Ketika vesika urinaria terisi oleh sedikitnya 200 ml urin, tekanan di dalam vesika urinaria naik, dan strecth receptor pada dinding vesika urinaria mengirimkan impuls melalui saraf aferen menuju medula spinalis bagian sakrum segmen S2 dan S3 yang memicu terjadinya refleks mikturisi.1,2
Serabut motorik parasimpatis pada saraf pelvis membawa impuls kembali ke vesika urinaria dan merangsang otot detrusor untuk berkontraksi dan berakibat pada meningkatnya tekanan hidrostatis dalam vesika urinaria.3 Kontraksi otot detrusor inilah yang merupakan aktor utama dalam pengosongan vesika urinaria.
Saraf parasimpatis juga membuat sfingter uretra internal berelaksasi, dan menghambat saraf motorik yang membuat sfingter uretra eksternal berkontraksi. Ketika kontraksi otot detrusor dan relaksasi otot sfingter uretra inilah mikturisi terjadi. Namun, tidak secepat itu karena nyatanya kita dapat menahan rasa ingin buang air kecil dan di sinilah peran saraf somatis.
Impuls pada medulla spinalis tersebut juga diteruskan oleh interneuron menuju thalamus dan menimbulkan sensasi
Selanjutnya sensasi penuhnya kantung kemih itu diteruskan ke korteks serebri hingga seseorang sadar bahwa ia ingin buang air kecil
Saat itulah, otot sphincter urethra eksterna akan berkontraksi secara sadar untuk menahan buang air kecil sampai orang tersebut menemukan waktu dan tempat yang pas untuk buang air kecil.

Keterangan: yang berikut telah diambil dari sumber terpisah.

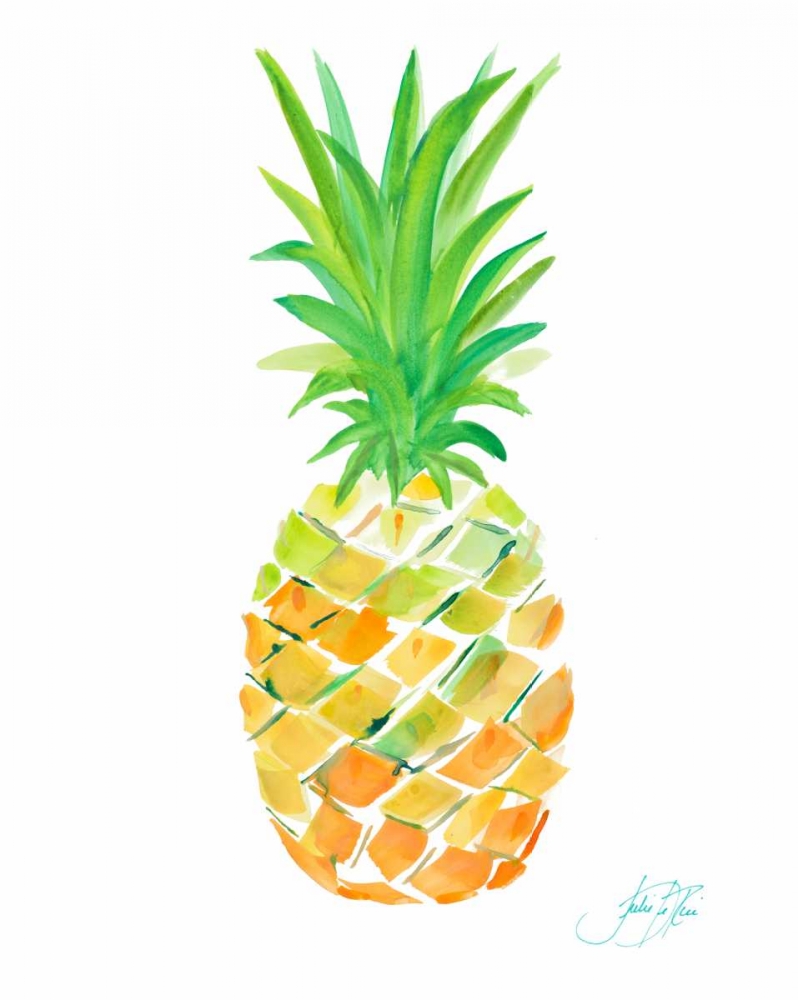 Pineapple II art print by Julie DeRice for $57.95 CAD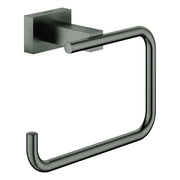 Grohe - WC-Papierhalter ESSENTIALS Cube 40507_1 ohne Deckel hard graphite geb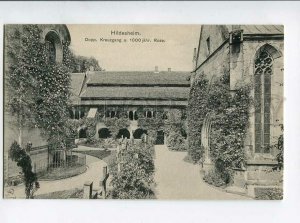 3138407 Germany HILDESHEIM Dopp Kreuzgang Rose Cloister OLD PC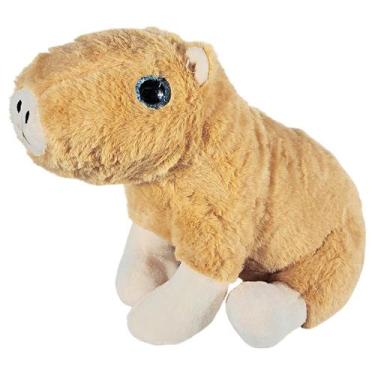 Imagem de Capivara De Pelúcia Sentada Olho Com Brilho 23cms - Tuka Toy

Namun, perlu diketahui bahwa waktu untuk menahan rasa ingin buang air kecil ini terbatas. Jika volume urin dalam vesika urinaria sudah mencapai kurang lebih 500 ml, tekanannya yang semakin tinggi itu cukup untuk membuka sfingter uretra internal yang otomatis merelaksasikan sfingter uretra eksternal, sehingga mikturisi pun terjadi.

Urinary incontinence
Merupakan keadaan di mana seseorang tidak dapat mengontrol atau menahan rasa ingin buang air kecil. Hal ini seringkali terjadi pada balita usia 2 sampai 3 tahun dan pada lansia. Namun, ada juga yang terjadi pada orang dewasa. Terdapat 4 tipe urinary incontinence1, antara lain:
  • Stress incontinence

Biasa terjadi pada wanita berusia muda dan pertengahan yang otot pada pelvisnya lemah. Hal ini terjadi akibat tekanan fisik yang meningkatkan tekanan perut seperti batuk, bersin, tertawa, berlatih, mengejan, mengangkat benda berat, dan kehamilan yang menyebabkan bocornya urin dari vesika urinaria.
  • Urge incontinence

Biasa terjadi pada orang lanjut usia, di mana seseorang sering dan tiba-tiba ingin buang air kecil, dan tidak bisa menahannya sehingga sering terjadi urinasi involunter. Bisa disebabkan oleh adanya suatu infeksi atau batu ginjal, stroke, dan cedera medulla spinalis.
  • Overflow incontinence

Merupakan proses urinasi yang tidak sadar terjadi akibat lemahnya kontraksi otot-otot  vesika urinaria
  • Functional incontinence

Merupakan lepasnya urin dari vesika urinaria dikarenakan tidak bisa menemukan toilet di waktu tersebut sebagai akibat dari kondisi tubuh yang lemah, misalnya terkena stroke, artritis, ataupun alzheimer.

Referensi

  1. Tortora, Gerard J., Derrickson, Bryan. Principles of Anatomy and Physiology. 13th ed. Wiley. 2011.
  2. Guyton, Arthur C., Hall, John E. Textbook of Medical Physiology. 11th edition. 2006.
  3. Martini. Fundamentals of Anatomy and Physiology. 9th edition. 2012.